Dole Philippines Workers in Tough Fight as US Company Uses Military Force Vs Union

Today, Feb. 22, the workers at the largest plantation and cannery in the Philippines will hold a union election. The incumbent KMU-affiliated union, Amado-Kadena, is fighting to retain its dominance even as Dole Philippines uses a pro-management faction of the union against it while the US company, its allies and the military vilify and harass the union’s members and officers.

By MARYA SALAMAT
Bulatlat.com

MANILA – “You have to suffer the consequences.”

Kevin Davis, at the time the boss in Dole Philippines (Dolefil), the largest integrated plantation and cannery in the Philippines, told Jose Teruel this in 2006 after the workers’ union Teruel headed successfully asserted its desire to affiliate with NAFLU, a labor federation of the progressive Kilusang Mayo Uno (KMU).

Davis made the threat following Dolefil management’s campaign to undermine the union’s choice of leaders as well as the labor federation it wanted to ally itself with, often using methods that were borrowed from the military.

The list of these “consequences” being suffered by the union, Amado Kadena-NAFLU-KMU (Asosasyon sa mga Mamumuo sa Dolefil Alang sa Kalingkawasan ug Demokrasya sa Nasud, or Association of Dolefil Workers for Freedom and Democracy ), and its leaders has grown longer as thousands of the multinational company’s workers embark yet again on another election, scheduled for today, February 22, in General Santos City,  to choose their union leaders.

Efforts by the Dolefil management to defeat Amado-Kadena are focused on two fronts: its support for a faction of the union called LEAD-PH and a parallel campaign to vilify Amado-Kadena as a communist group and to harass its officials and members.

Click here to read more stories on Dole Philippines and its union-busting activities

The campaign against Amado-Kadena even entailed the assignment of a commander of the military unit covering Dolefil and its environments who is notorious for his anti-union activities in Central Luzon as well as his contribution to the military’s Oplan Bantay Laya counter-insurgency campaign.


Workers belonging to the Amado-Kadena union have been denouncing the company’s efforts to undermine their group. (Photo courtesy of Jo Teruel / bulatlat.com)

LEAD-PH, meanwhile, is allegedly being supported by the management, from arranging work schedules to benefit the management union to alleged deployment of vehicles for the use in the campaign of the management union.

Anti-Unionism as Anti-Insurgency

In past interviews with Teruel, he told Bulatlat.com that the Dolefil management had tried “to corrupt” him and asked him to disaffiliate his group from the KMU. But the workers continued to support the union, especially after it successfully gained an improved collective bargaining agreement (CBA) in 2005 that improved the regular workers’ wages, on top of having succeeded in demanding the regularization of at least 1,500 contractual employees.

The majority of the Dole Philippines rank-and-file employees have been represented by Amado Kadena union since 2001, when they numbered 3,800 out of 6,000 regular employees.

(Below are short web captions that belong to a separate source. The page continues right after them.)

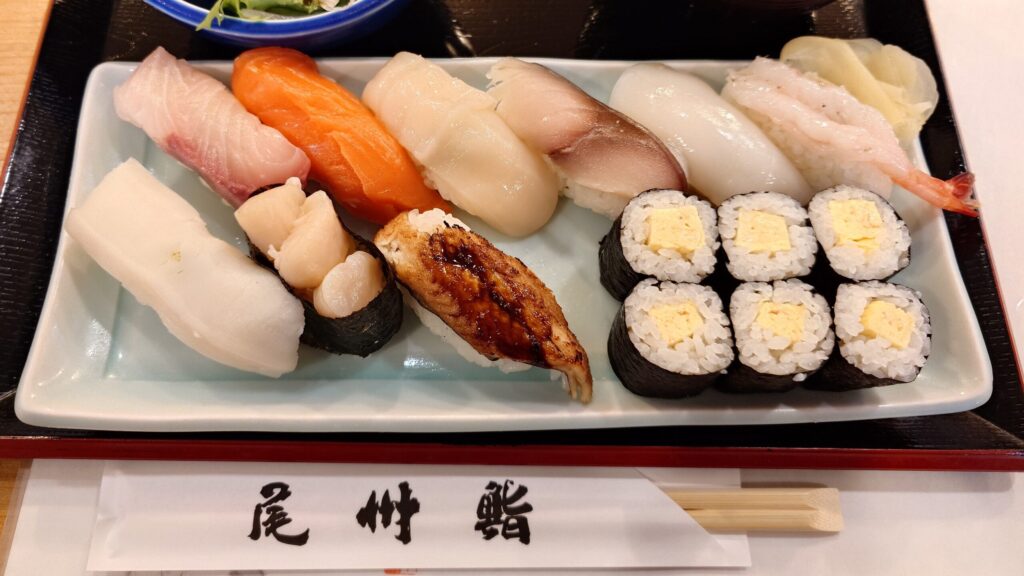 札幌市 白石区 東札幌駅 南郷通 尾州鮨 東札幌店 なでしこ_アップ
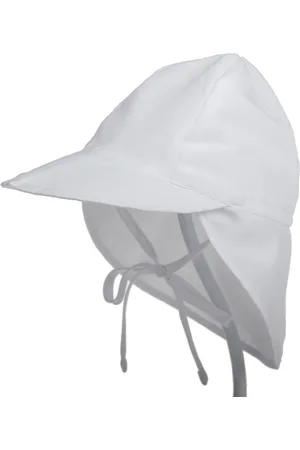 Merkloos Kinderzonnehoed - Pet met klep - Unisex - Baby- en kindermuts - Met nekbescherming - UV-bescherming 50+ - Zomerhoed - Knoopbaar - Hoofddeksel - Bescherming tegen de zon en zonneklep - Outdoor - Ademend mesh - L (Hoofdomtrek 48-54 cm)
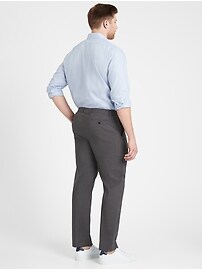 Pantalon Performance habillé en laine extensible, coupe étroite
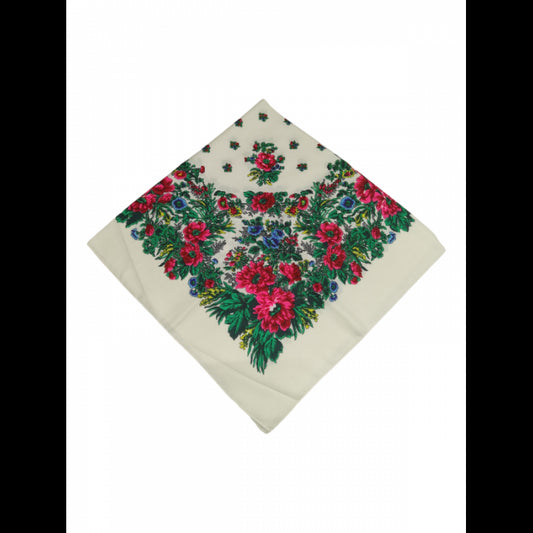 Batic traditional inflorat bej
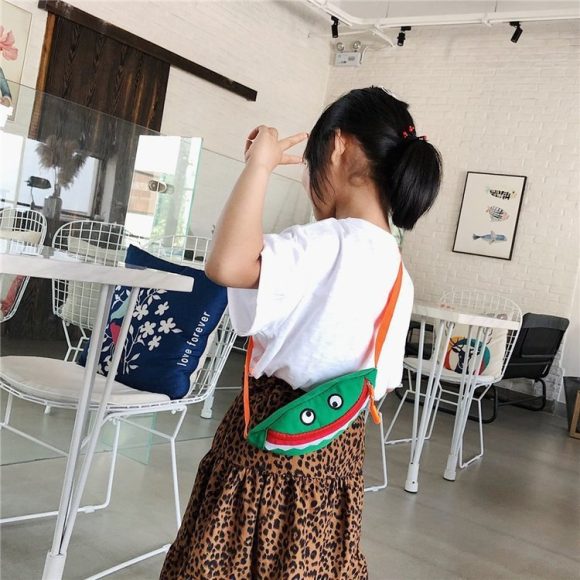 Cartoon Children's Canvas Embroidered Crossbody Bag - Image 8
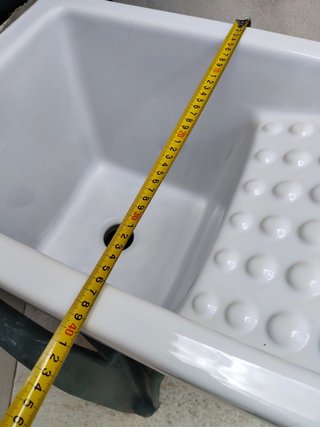 Lavadero de cerámica blanco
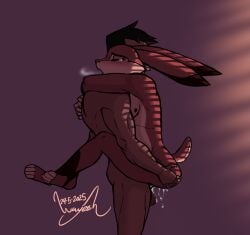 andromorph andromorph/male andromorph_anthro andromorph_on_human anthro athletic athletic_andromorph athletic_anthro athletic_human athletic_intersex athletic_male azaan_(wayesh) balls barely_visible_genitalia barely_visible_penis blush bodily_fluids breath brown_body brown_fur brown_hair duo fur genital_fluids genitals glazed_penis hair hand_on_butt hare hi_res hug human human_on_anthro intersex intersex/male intersex_anthro intersex_on_human interspecies lagomorph leporid long_ears male male_human male_on_anthro mammal moan multicolored_body multicolored_fur muzakir_(wayesh) nude_andromorph nude_anthro nude_human nude_male penetration penile penile_penetration penis pussy_juice_on_balls sex signature stand_and_carry_position standing standing_sex tan_body tan_fur two_tone_body two_tone_fur vaginal_fluids vaginal_fluids_on_penis vaginal_penetration vaginal_penetration wayesh welling_tears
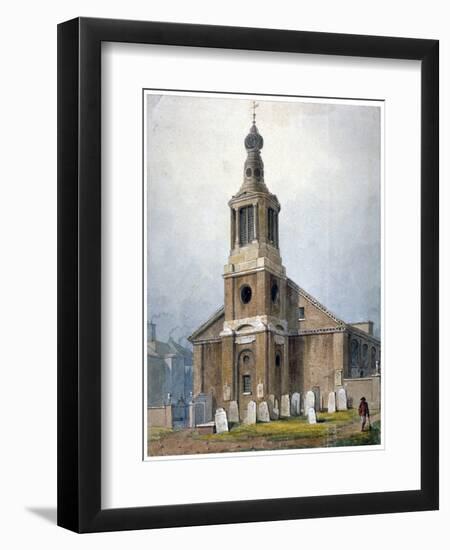 Church of St Anne, Dean Street, Soho, London, 1828-George Shepherd-Framed Premium Giclee Print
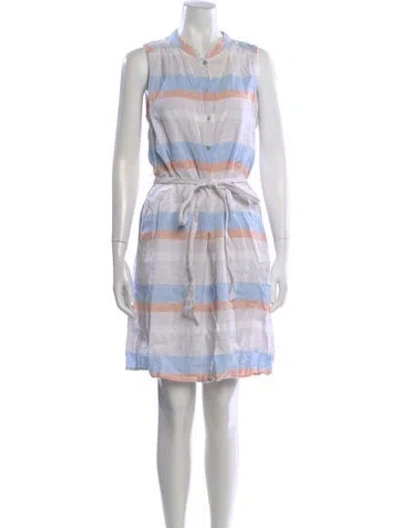 Pre-owned Cynthia Rowley Linen Mini Dress In Blue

The total workforce actually was more than 14,000 at the time and this grew to 23,000 today as Dolefil added new product lines.

In 2006, Amado-Kadena successfully asserted to affiliate itself with KMU. Since then, the workers’ job condition improved slightly, and the union had promised to continue working for the regularization of 75 to 80 percent of the workforce who remained contractual or non-regular employees.

But Davis’s threat that Amado-Kadena would “suffer the consequences” hounded the union.

It meant nonstop military harassments and vilification, “frame-up charges” at work  and, since last year, an illegal takeover of the union by a company-supported set of union officers.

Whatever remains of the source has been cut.